Mathilde Papapietro (c) '99
Mathilde Papapietro

On trouvait dans l’oeuvre de Mathilde Papapietro, plus que l’inscription d’un signe dans l’espace, la reconnaissance, le captage du signe préexistant et sa mise en évidence. Les brins d’herbe greffés les uns aux autres, idéogrammes, en étaient l’illustration; formes ouvertes, calligraphiques, élégantes, isolées ou accrochées en constellation.
Le mur uniforme, page vierge, devient inaccessible. Pour retrouver l’espace blanc, il faut franchir le réseau constitué par le ruban adhésif et les aiguilles de pins.

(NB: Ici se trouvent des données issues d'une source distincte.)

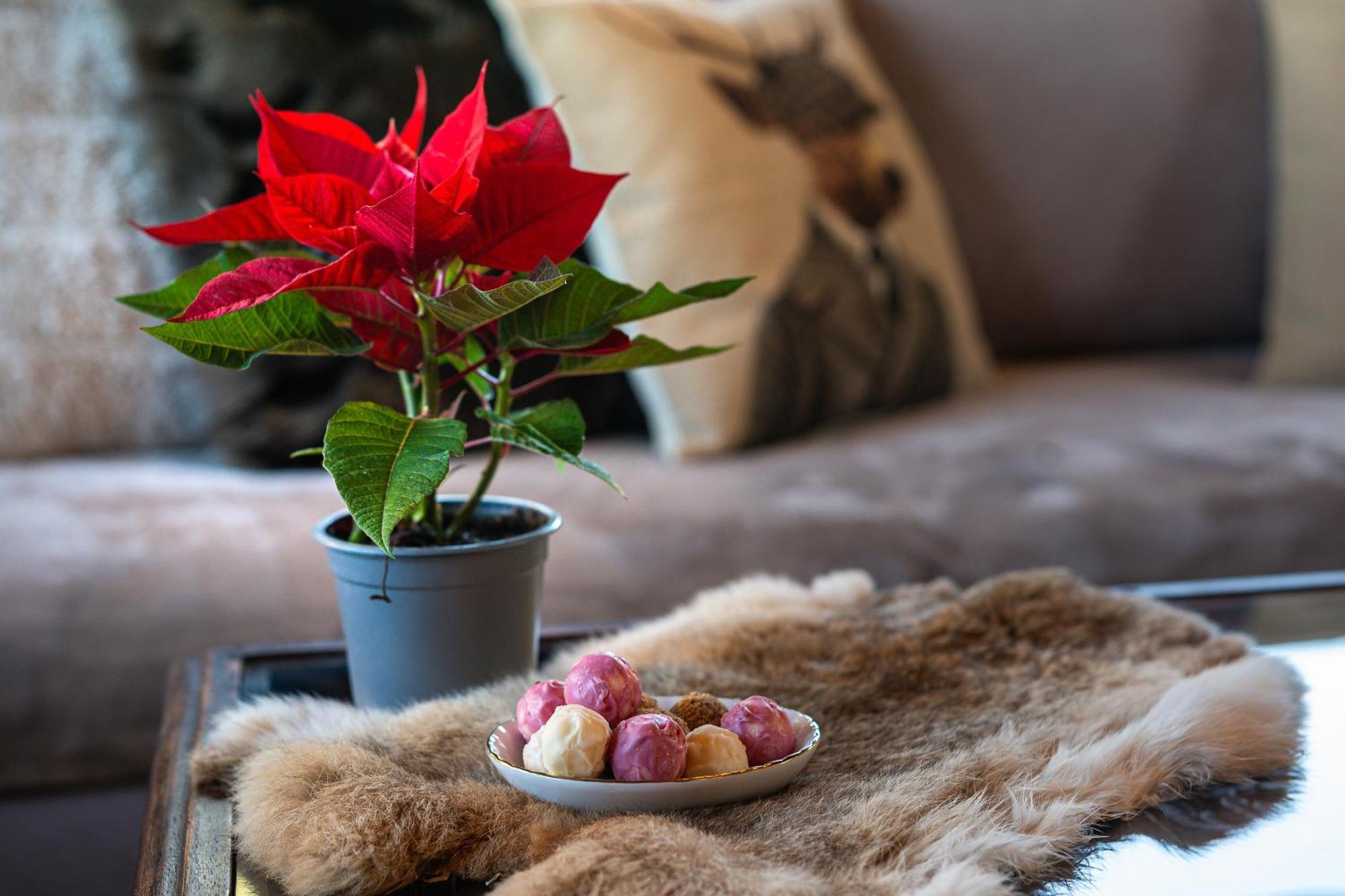 Livadi Cozy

L’essentiel réside peut-être dans cet infime écart maintenu entre la paroi et les bandes d’adhésif. Celles-ci sont en tension et embrassent l’étendue du mur de manière à en saisir l’envergure. Elles annulent dans le même temps l’effet visuel premier de page d’écriture ou de portée musicale puisqu’elles ne renforcent pas la bidimentionnalité du support mais au contraire jouent l’espace de façon tenue. Cet intervalle suffit à créer une profondeur qui renvoie la matière à son image et maintient dans le domaine du réel ce qui, collé au mur, serait devenu un signe.
Le passage de la maquette à l’oeuvre in situ en témoigne.
Dans la maquette, les aiguilles de pins prennent valeur et fonction de lignes grâce au rôle unificateur du fond. Le résultat obtenu est une image. L’oeuvre dans le lieu, affirme sa présence réelle du simple fait de la possible projection de l’ombre sur la paroi.Les forces sont mobilisées pour tenter d’organiser un désordre (alignement), pour stabiliser ce qui est mouvant et fluide (fixation), tout en maintenant une certaine forme de précarité. Les bandes, à peine soutenues, restent en suspension, dans l’espace, individualisées et autonomes.
Les oppositions sont fortes entre les horizontales transparentes et les courbes diagonales aux orientations multiples des aiguilles de pins, entre la répétition régulière et les écartement sensiblement proches des premières et la répartition aléatoire des secondes. Ce n’est pas le mouvement réel qui produit l’effet dynamique mais le rythme généré par le nombre, la position, la densité des brindilles et leur inscription dans un parcours linéaire.
Tout est en nuance.
Le point d’accroche de l’aiguille de pin sur le ruban est comme l’instant fixé qui soudain fige la trajectoire.
Au-delà et en deçà le mouvement se poursuit.
Autant d’instants qui scandent et interrompent le parcours horizontal... La vie n’est pas un long fleuve tranquille.